When I was seventeen, my dad and I took an eight-hour car ride to San Francisco for the Western Regional Oireachtas. That’s an Irish dance competition, in case you didn’t know. Anyway, my mom was “too sick” to travel with us — as she had been for nearly three years at this point — so it was just my dad and I. We stayed at some fancy hotel where the competition was being held with a ridiculous per night rate. That meant we couldn’t afford to stay the extra night after the competition was over, so we ended up leaving San Fran at around 9p.m. That meant driving all night, after an exhausting day, with no stops.
After a few hours my dad was zoning out a bit. His eyes kept fluttering. He was nodding off in spite of his best efforts to stay awake. So I ended up just shouting at him and cranking the radio. We had the windows down, too. The icy coastal air helped.
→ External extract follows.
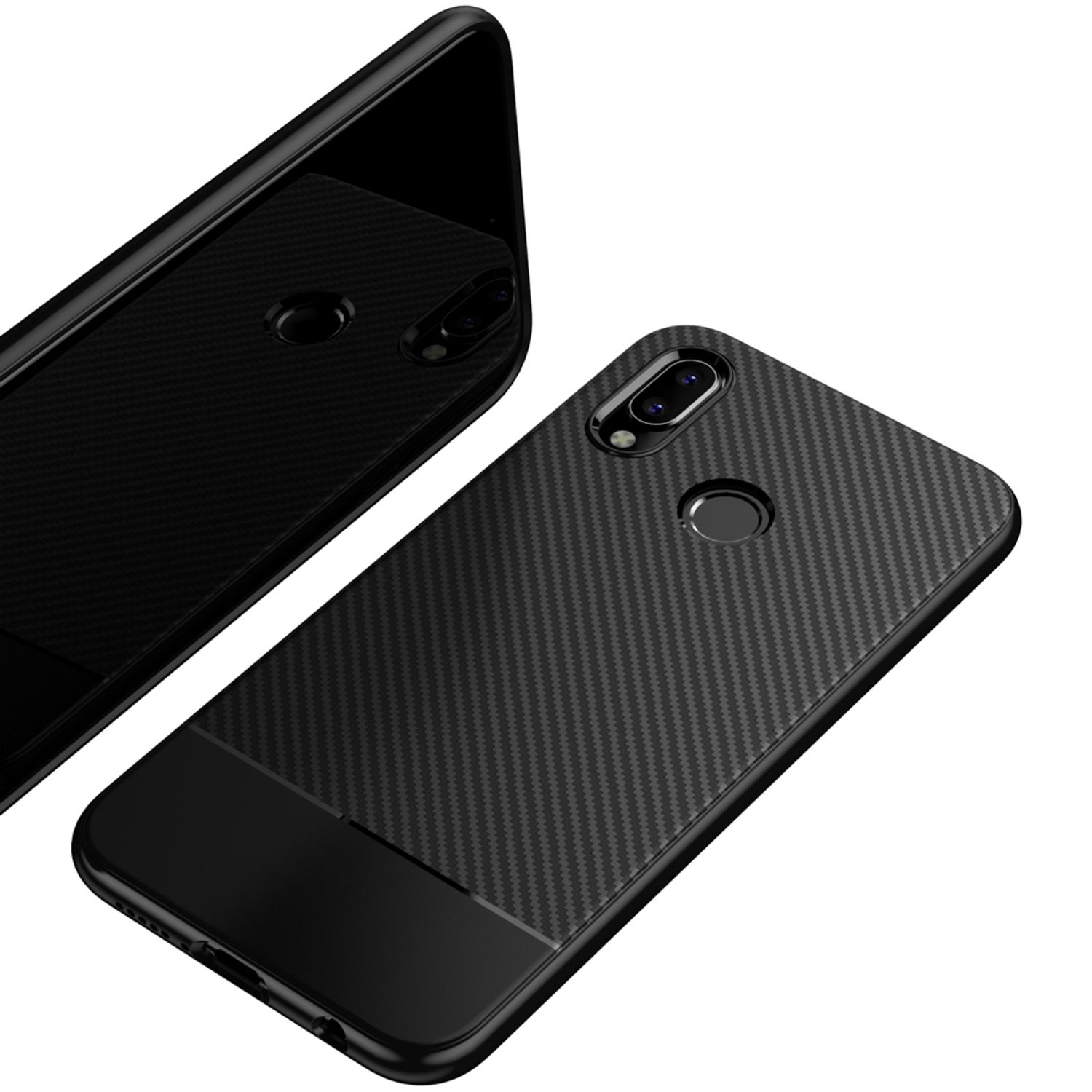 Étuis de téléphone noirs avec texture fibre de carbone sur fond blanc.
At one point, we encountered some fog. It was sometime around 2 or 3 in the morning and the fog rolled in thick along PCH. My dad wasn’t falling asleep anymore; rather, struggling to see the road. He kept thinking he saw a wall in front of him, just on the other side of the fog.
“It’s weird,” he said. “Like it’s jumping out at me.” He had to resist the urge to slam on the brakes. There was no wall up ahead. Only fog and the endless, dark highway.
Grief is like that imaginary wall in the fog. I have moments where his death slams into me. Moments where I fully realize his absence, which will be a fact of my life from here on out. It’s a fact with soul-crushing weight. And yet, I don’t feel the impact. My body tenses as though it will slam into that wall in the fog, yet I emerge on the other side. Panicked and breathless, but still in one piece.
I keep waiting for some thought to halt me. To make me fully understand. To force me to bear the weight of his death. And yet I slip through. I drive along this highway, resisting the urge to slam on the brakes. I keep going because it’s night and there’s no place to stop other than home — and that’s a long way off yet.